Although the numbers in Table 2 are not high, there is still some consistency in findings, whether in the presence or absence of official cancer care management programs or clinical pathways. As represented in Table 2, without a standard definition of clinical pathways, providers and payers may apply similar criteria (eg, following NCCN), but they refer to clinical pathways as something different. Thus, interpretation and definition of clinical pathways can include something prescriptive (eg, limited, preferred regimens with metrics), guiding (eg, NCCN category 2A), or a little of both.
Implications of Data
Based on the interviews and surveys conducted and subsequent findings, it seems that before we can judge what providers and payers are doing specific to evidence-based clinical decision making, we need to:
- define what constitutes a clinical pathway program;
- consider a program, no matter what the source;
- understand that providers may not identify treatment plans as pathways (even though clinical criteria are similar to clinical pathways programs); and
- establish the value of being considered a clinical pathways program.

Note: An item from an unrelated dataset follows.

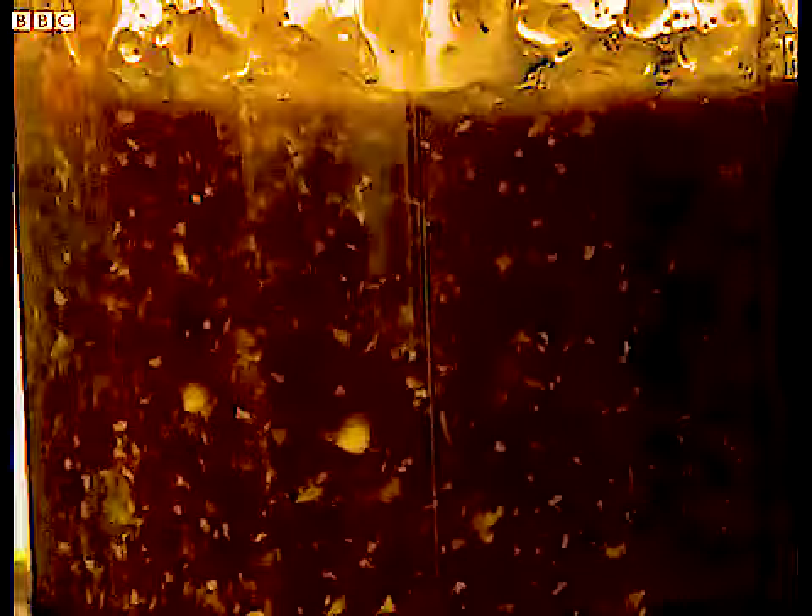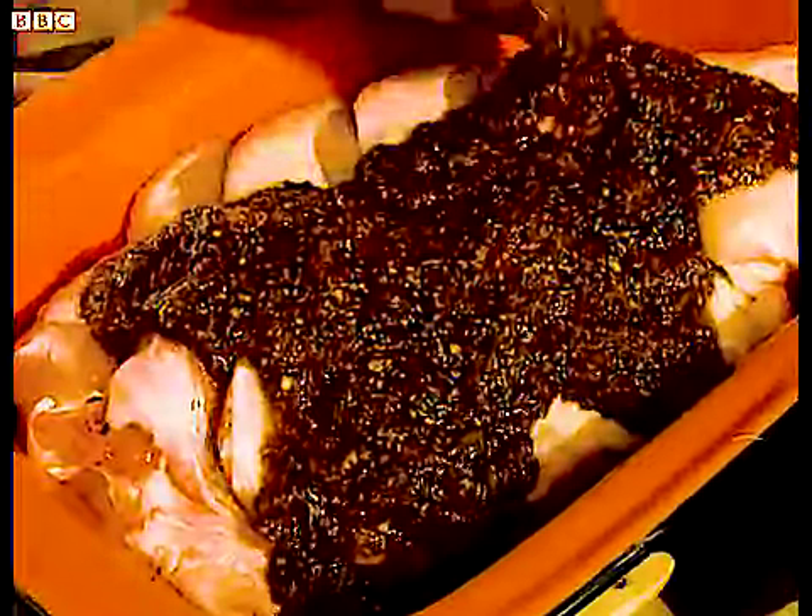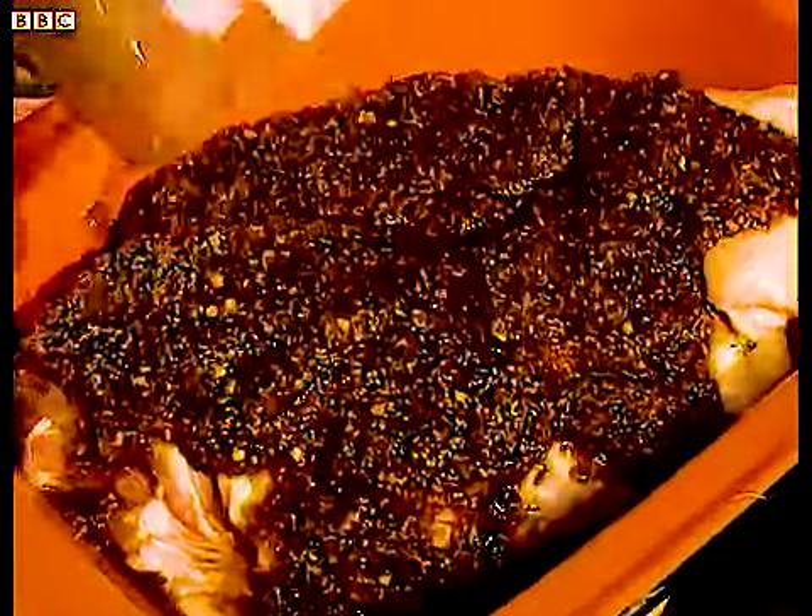Blitz everything together. The idea of the soy sauce and the vinegar is not only that it moistens all your other ingredients, but it tenderises the meat — that's the most important thing. That's beautiful. Take that and pour it on top of your chicken, then pick up your palette knife and work that into your meat. Give your meat a good rub — nice and hot, spicy.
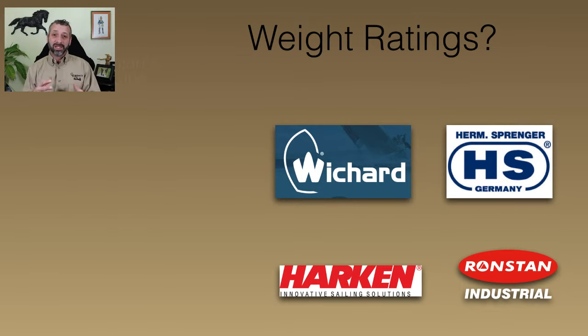As far as weight ratings go — I get that question a lot. How much weight rating should a snap shackle have? The weight ratings on brand name snap shackles are phenomenal. Most of these snap shackles — I think this snap shackle right here has a working load of somewhere in the neighborhood of 4,000 pounds. So this piece of hardware is designed to perform normally under 4,000 pounds of weight.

In the end, this will assist in bringing all interested parties together—vendors, payers, providers, industry—to concur if there is a need for clinical pathways (regardless of whether the decision to use them is according to the asserted standards of clinical pathways or through alternative activities) before more time and money are spent on developing them.
While ASCO has introduced helpful policy statements to assist in the evolution of value-based care delivery and the dissemination of clinical pathways, variations in use, perceptions, and execution of clinical pathways programs and similar (perhaps alternatively named) programs will persist in real-world practice. It is important to understand these variations in perception, criteria, and practice in order to move forward in enhancing clinical pathways programs with the aim of delivering high-quality, value-based oncology care.
1. Schroeder A. Cancer management systems–are we heading down the right road? Oncology Issues. 2012;27(5):30-37.
2. Schroeder A. Clinical pathways: a current snapshot, and the journey ahead. J Clin Pathways. 2017;3(2):33-40.
3. Zon R, Frame JN, Neuss MN, et al. American Society of Clinical Oncology policy statement on clinical pathways in oncology. J Oncol Pract. 2016;12(3):261-267.
4. Zon RT. ASCO policy statement on clinical pathways in oncology: why now? Am J Manage Care. 2016;22(5 special issue):SP162-SP164.
5. DK Pierce & Associates, Inc. DKP Critical Insights®—Clinical Pathways and Other Cancer Management Models–Vendor, Provider, and Payer Perspectives, 2011-2018 [proprietary research].